I am trying to model a health outcome as a function of climate variables. I have many observations of health outcomes at different times and locations (but NOT a sequence at one location). For each health observation, I have the temperature and rainfall for every month before the health observation up to 24 months. Lets say I have 25,000 observations.

So my outcome is the shape (25000, ) and each is a rate from 0 to 1.

My predictors are the shape (25000, 24, 2), i.e., 24000 observations, over 24 months, for two features.

In trying to get a sense of what neural network architecture I should use, I keep coming across LSTMs. However, most applications seem to use a times series of some training variable (say, stocks prices, rainfall levels, or a sequence of text) to learn trends and the make predictions of that same variable. But I want use weather data to predict a different variable, and my outcome is a single value (not a sequence).
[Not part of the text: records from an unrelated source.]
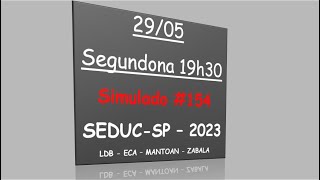 Simulado #154 - Segundona -29/05 -19h30  - LDB - ECA - MANTOAN - ZABALA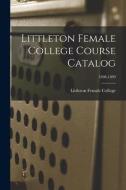 LITTLETON FEMALE COLLEGE COURSE CATALOG di LITTLETON FEMALE COL edito da LIGHTNING SOURCE UK LTD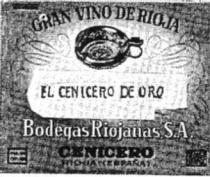 GRAN VINO DE RIOJA -EL CENICERO DE ORO- BODEGAS RIOJANAS, S.A. CENICERO -RIOJA (ESPAÑA).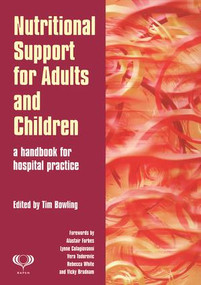 Nutritional Support for Adults and Children (A Handbook for Hospital Practice) by Tim Bowling, 9781857758313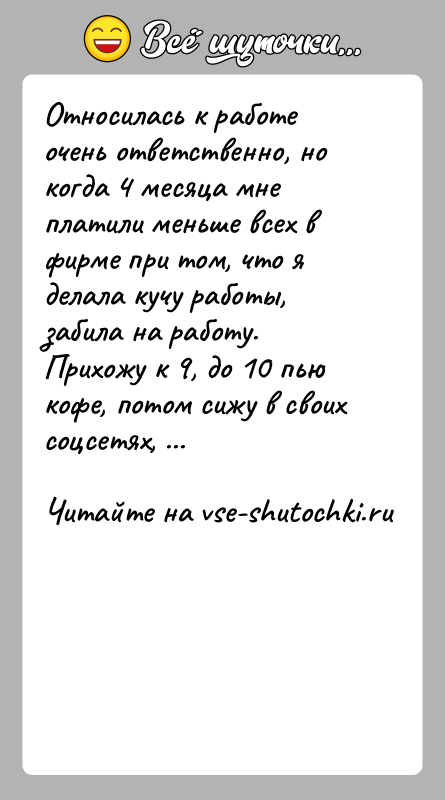 История: Относилась к работе очень ответственно, но когда 4 месяца мне платили меньше всех в фирме при том, что я делала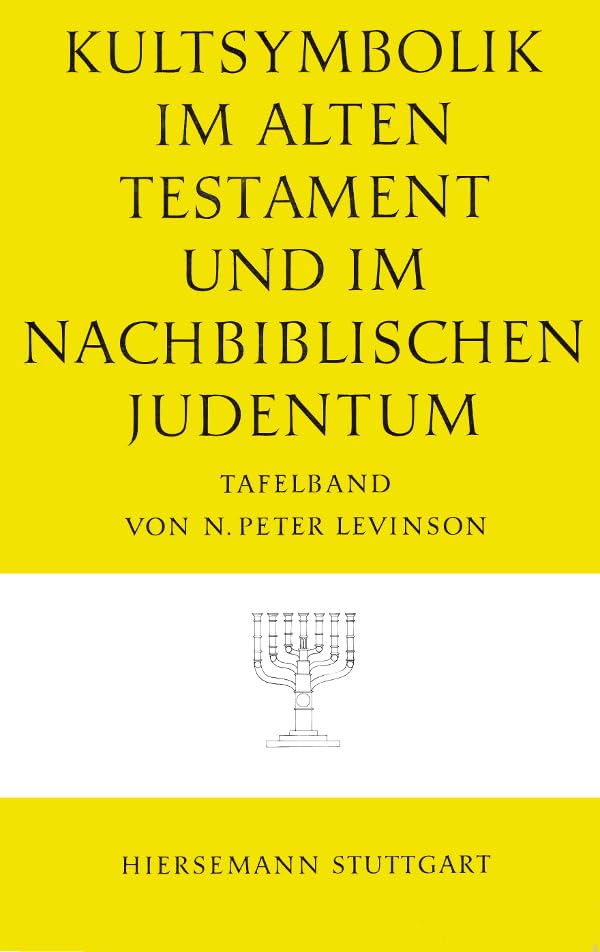Die Kultsymbolik im Alten Testament und im nachbiblischen Judentum: Tafelband (Symbolik der Religionen) Travel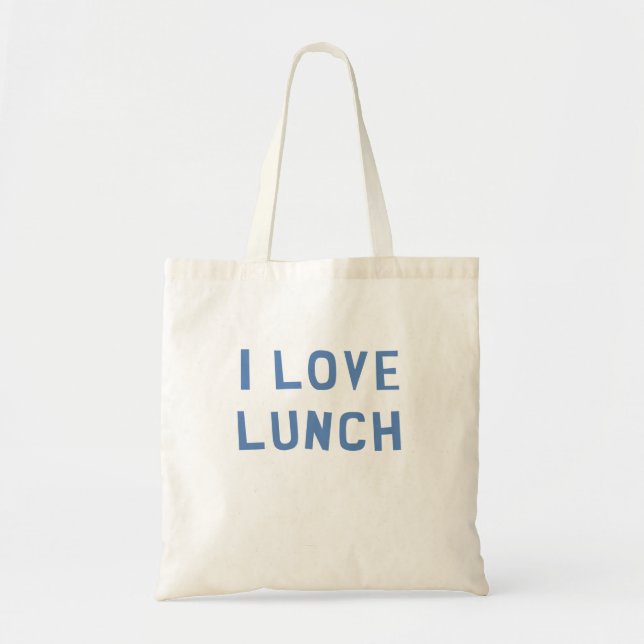 I Love Lunch Tote Bag (Front)
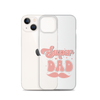 Super Dad Clear Case for iPhone®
Is LSTM appropriate for this application? If not, what type of architecture should I look into here?

LSTM (and GRUs, and Recurrent Neural Networks more generally) predict the next item $$x_n$$ in a sequence X of items $$[x_1, ..., x_{n-1}]$$, as you mentionned.
However, you can combine them with a feed forward network (as simple as a perceptron), either as a separate layer or a new network, to take the prediction at each set (the $$x_i$$) and from this $$x_i$$ predict your two variables/features ($$y_{i1}$$ and $${y_i2}$$).
You would train both layers/networks jointly, one on predicting $$x_i$$ from $$[x_1, ..., x_{i-1}]$$ and the other on predicting $$y_{i1}$$ and $$y_{i2}$$ from $$x_i$$.